Given the entries below, would you transcribe exactly the lines starting at the one with "201 Hurt Street Ne, Atlanta, GA 30307 - #3" and ending at the one with "Keystone Vacation Rental", both kept, pictures omitted, nothing extra?

[THE DATA]
----------
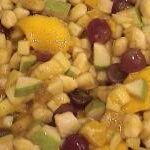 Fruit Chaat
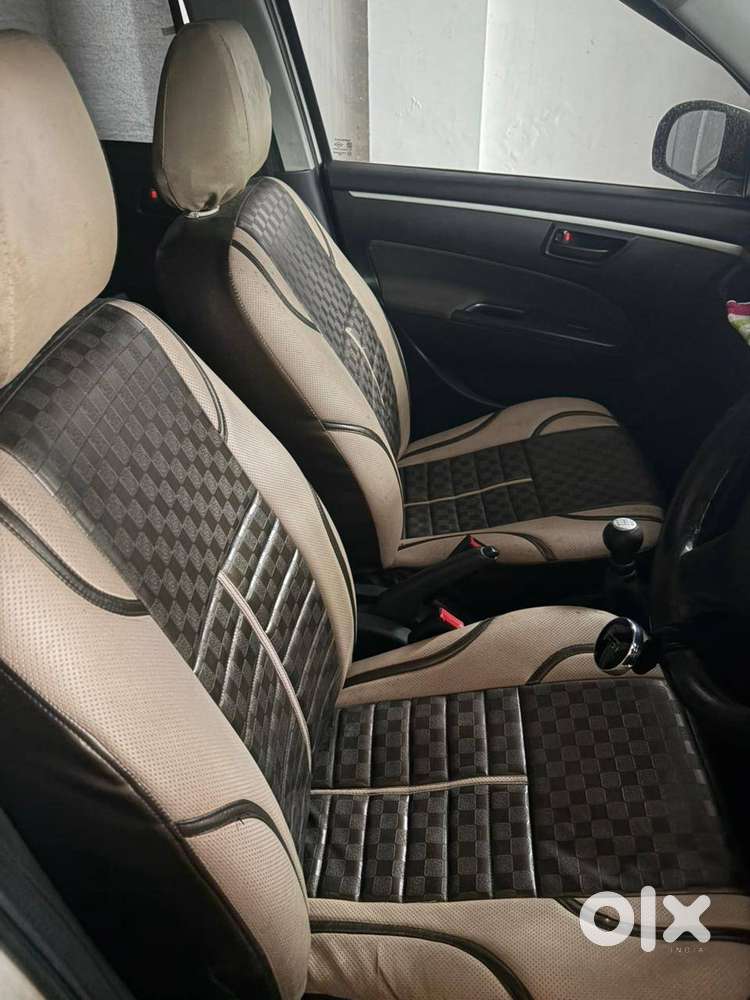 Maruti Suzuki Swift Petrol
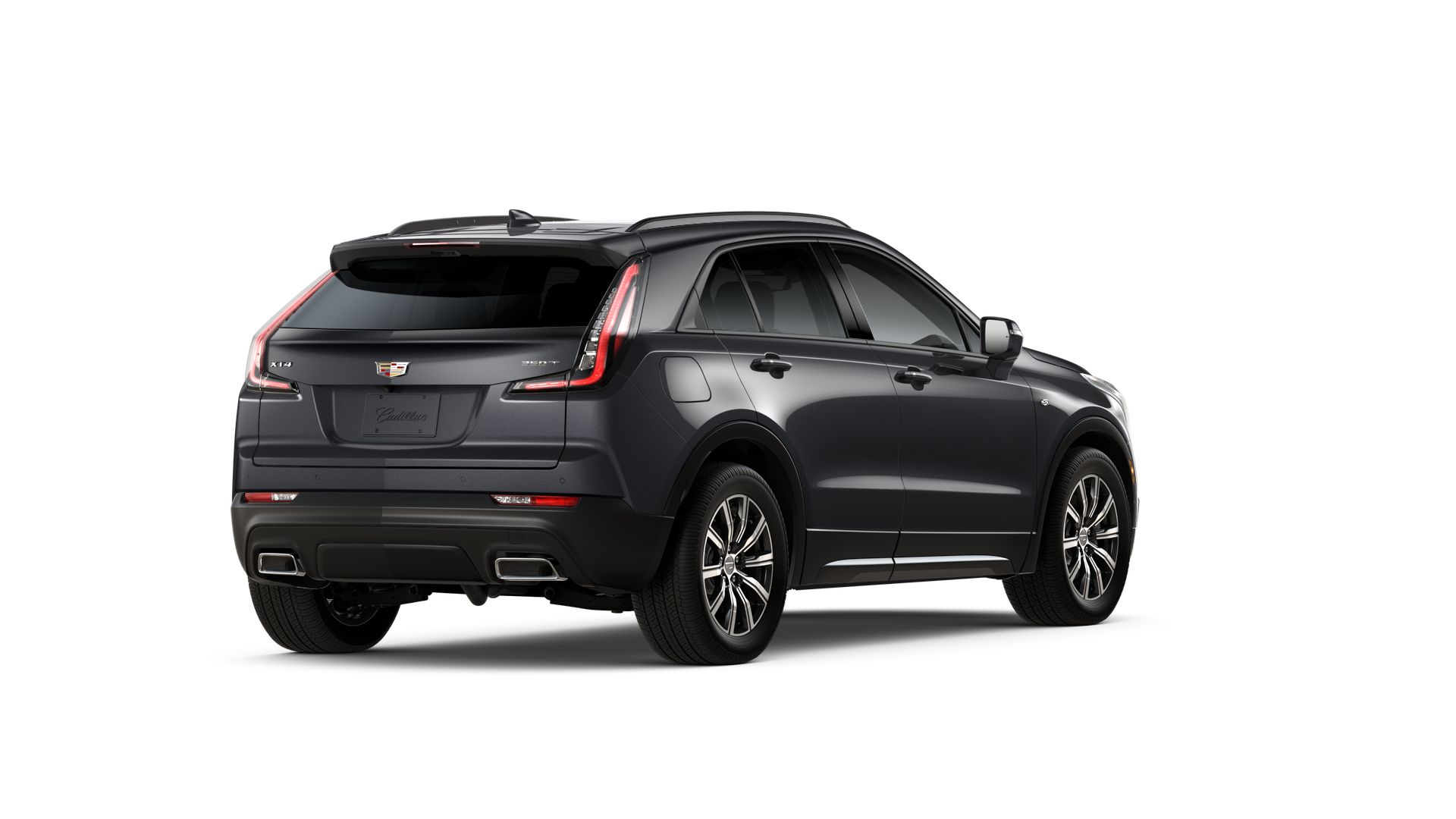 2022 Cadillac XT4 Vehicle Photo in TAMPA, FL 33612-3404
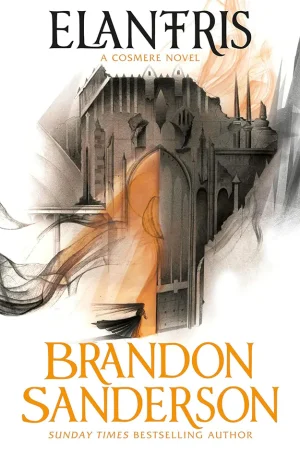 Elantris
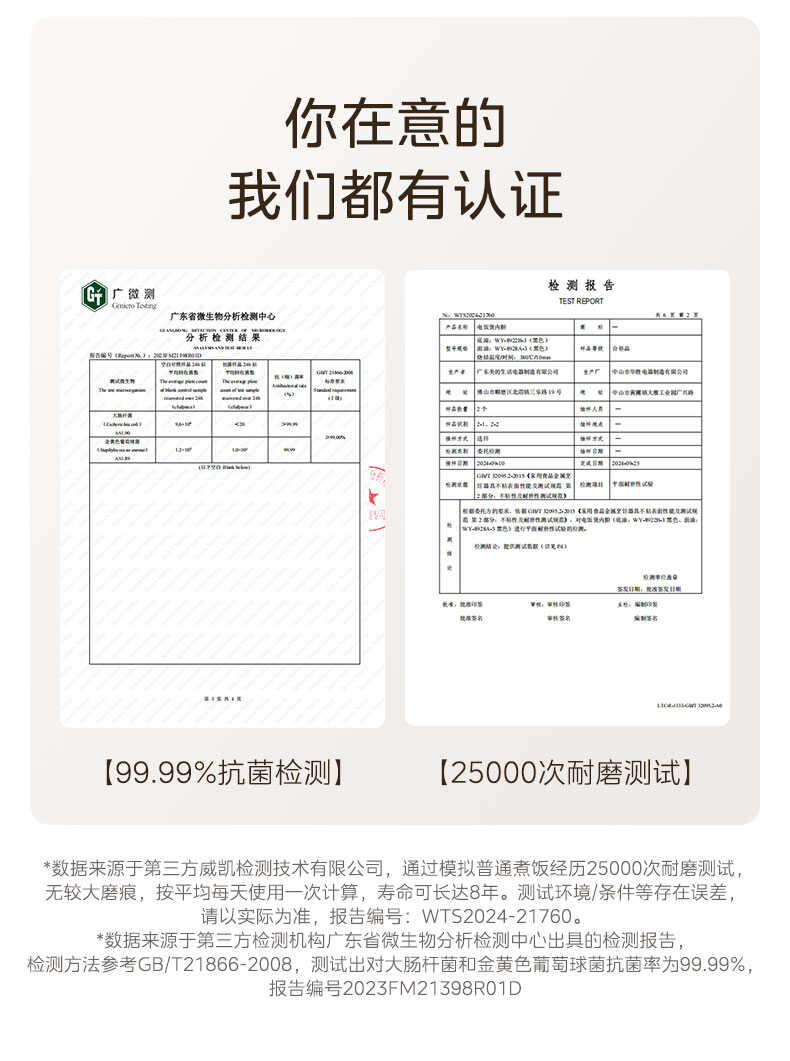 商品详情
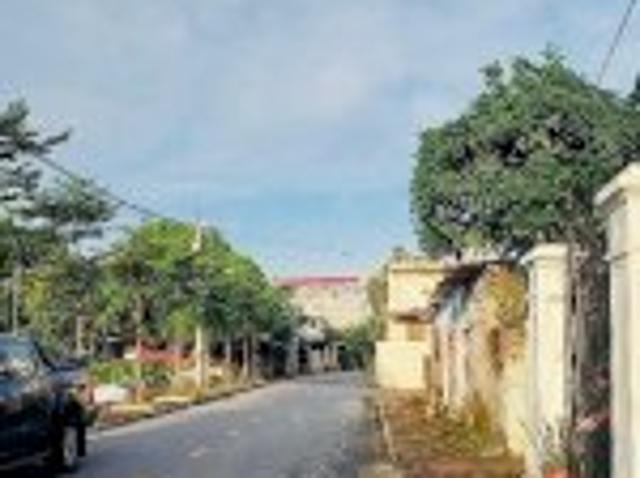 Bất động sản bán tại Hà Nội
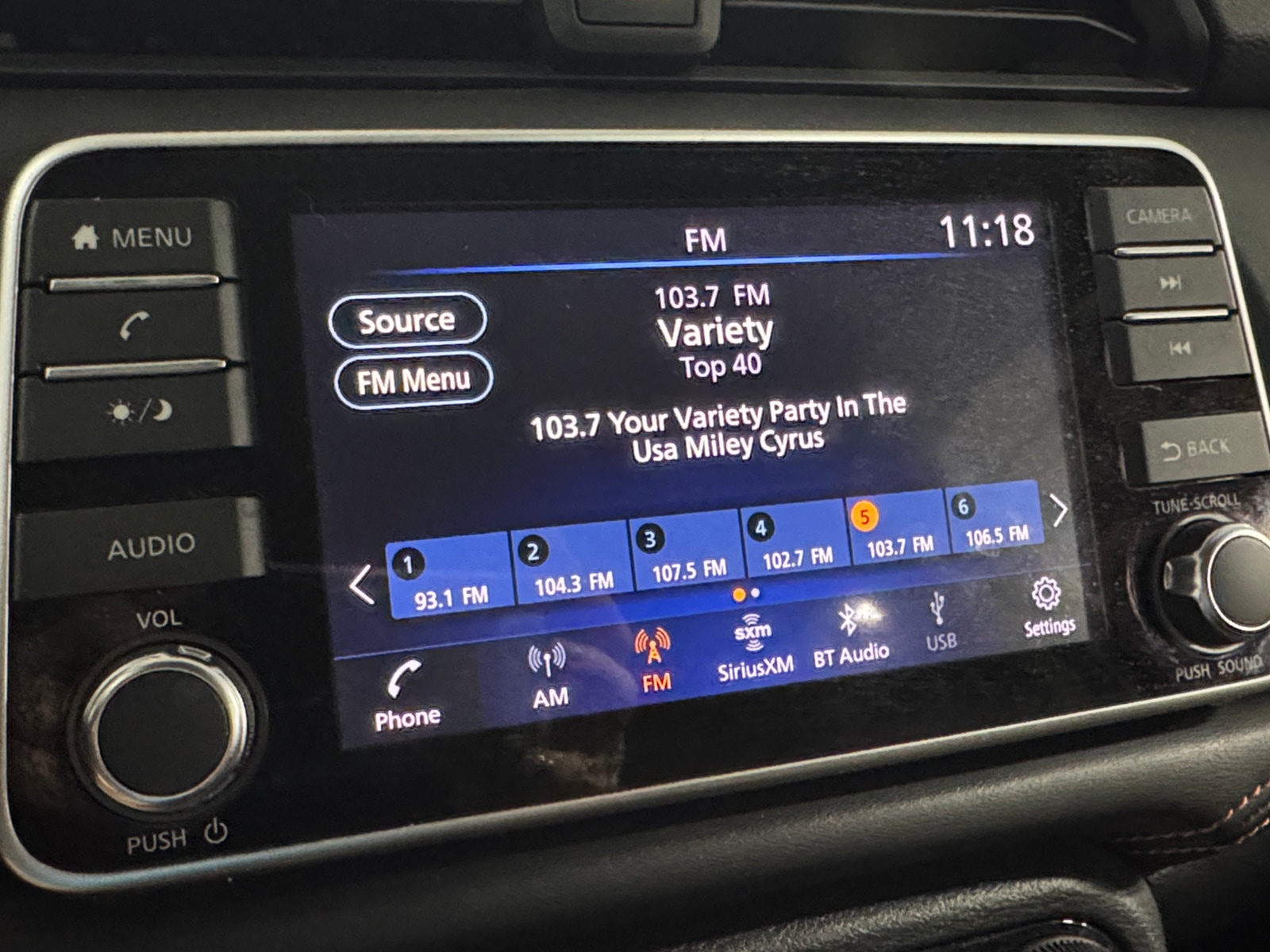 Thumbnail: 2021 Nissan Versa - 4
----------
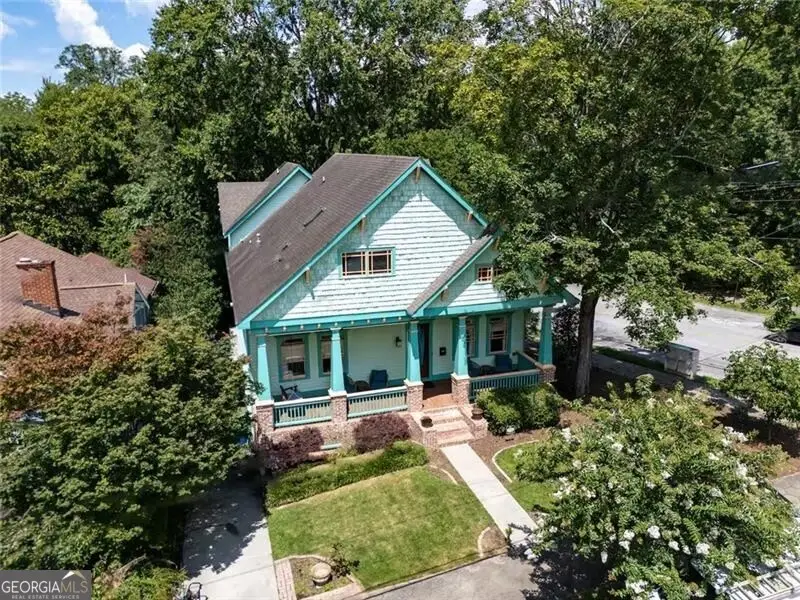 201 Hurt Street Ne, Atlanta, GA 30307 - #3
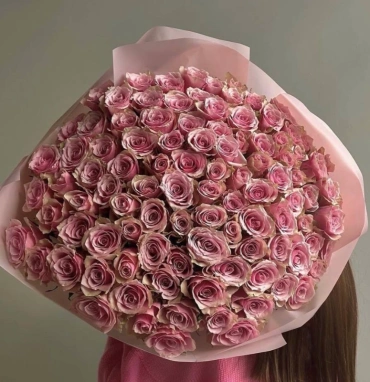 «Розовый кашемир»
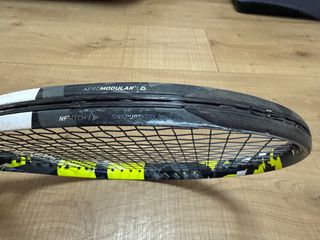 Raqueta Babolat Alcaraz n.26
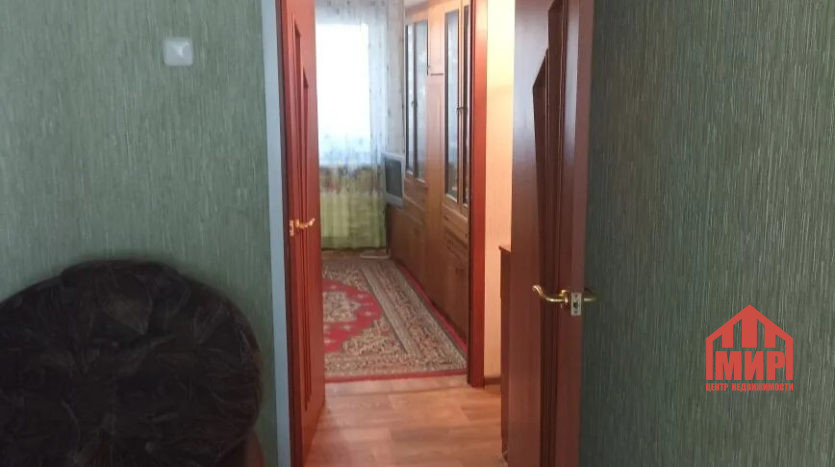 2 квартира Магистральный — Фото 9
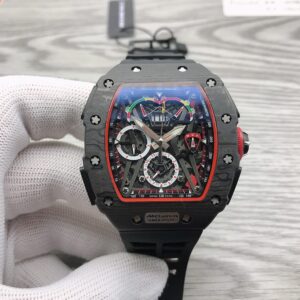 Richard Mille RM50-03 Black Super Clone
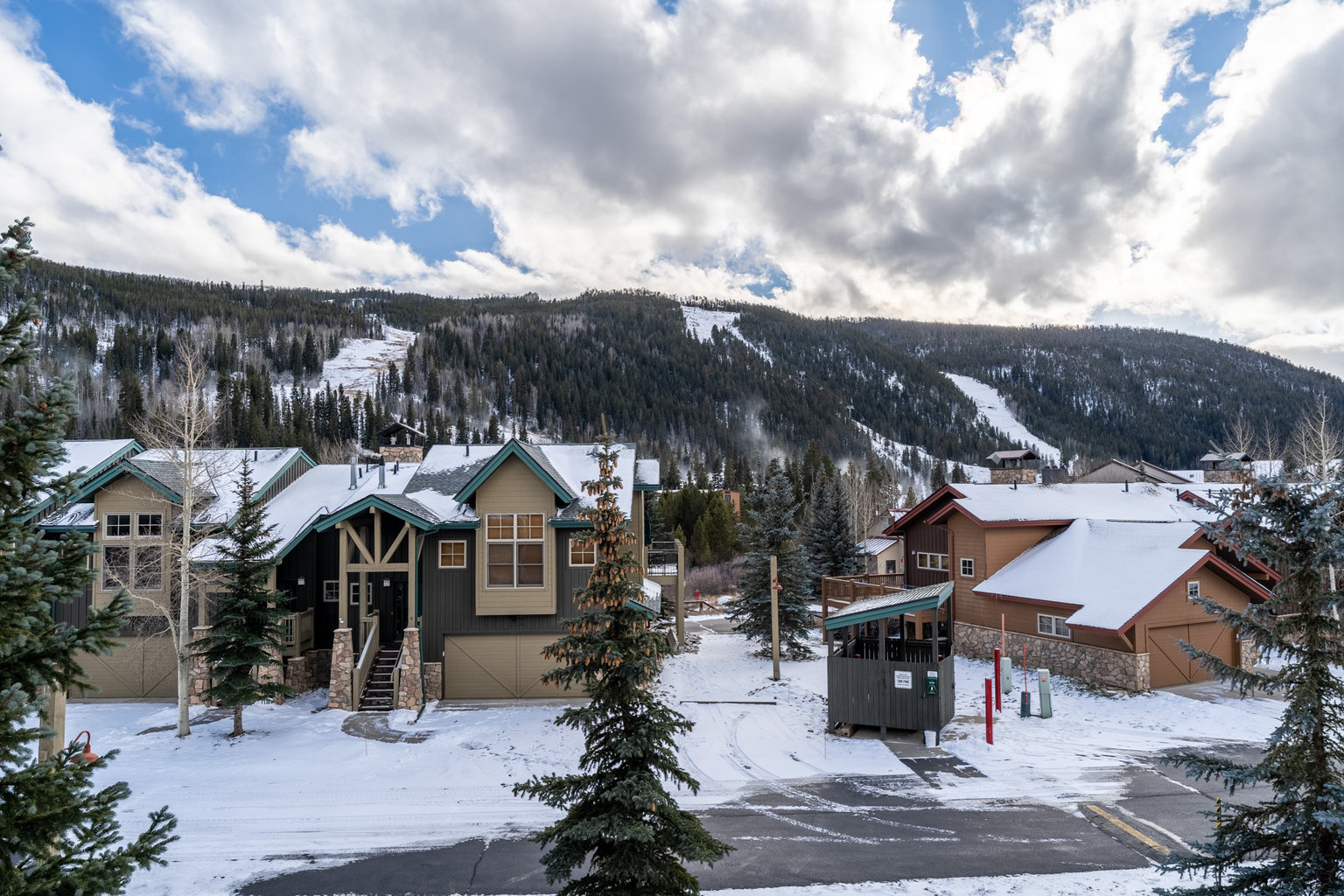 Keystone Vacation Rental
----------
[RESPONSE]
 201 Hurt Street Ne, Atlanta, GA 30307 - #3
 «Розовый кашемир»
 Raqueta Babolat Alcaraz n.26
 2 квартира Магистральный — Фото 9
 Richard Mille RM50-03 Black Super Clone
 Keystone Vacation Rental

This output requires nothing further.